## EXERCISE BRIEF:
Your copy of the data should leave out the images and match everything else exactly.

## STORED DATA:
---
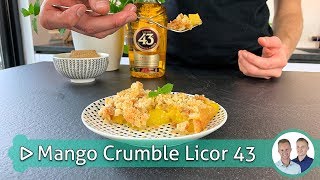 Mango Crumble Licor 43  Koken amp bakken met SterkInDeKeuken [upl. by Christmann929]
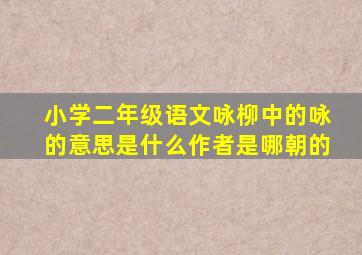 小学二年级语文咏柳中的咏的意思是什么作者是哪朝的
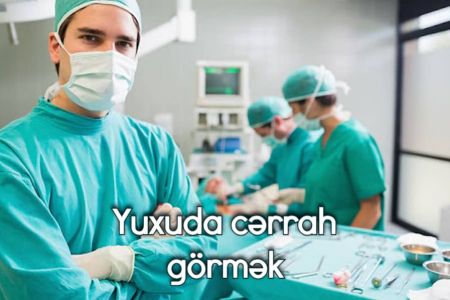 Yuxuda cərrah görmək nə anlama gəlir?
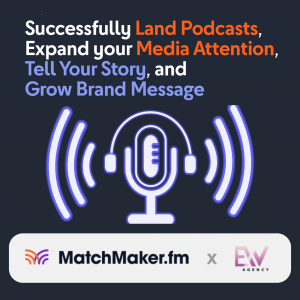 The ExV Agency and MatchMaker.fm Masterclass aims to equip individuals and businesses with the tools to access podcast opportunities or "right-fit" guests for their podcasts.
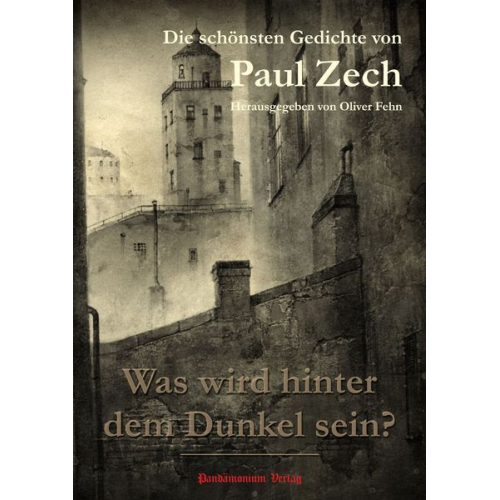 Paul Zech - Was wird hinter dem Dunkel sein?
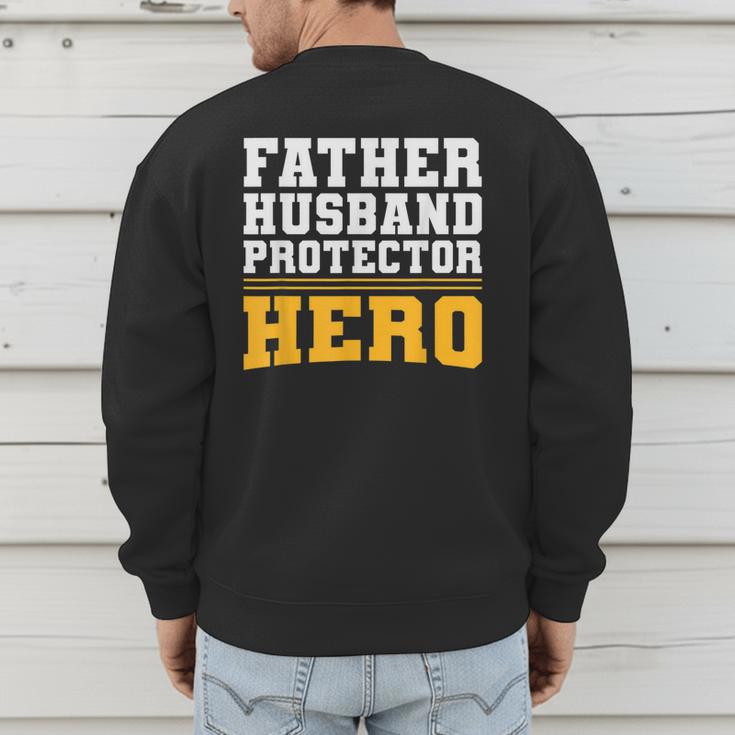 FATHER HUSBAND PROTECTOR HERO Dad Daddy Fathers Day Men's Sweatshirt Back Print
---
## SOLUTION:
 Mango Crumble Licor 43  Koken amp bakken met SterkInDeKeuken [upl. by Christmann929]
 小学二年级语文咏柳中的咏的意思是什么作者是哪朝的
 Yuxuda cərrah görmək nə anlama gəlir?
 The ExV Agency and MatchMaker.fm Masterclass aims to equip individuals and businesses with the tools to access podcast opportunities or "right-fit" guests for their podcasts.
 Paul Zech - Was wird hinter dem Dunkel sein?
 FATHER HUSBAND PROTECTOR HERO Dad Daddy Fathers Day Men's Sweatshirt Back Print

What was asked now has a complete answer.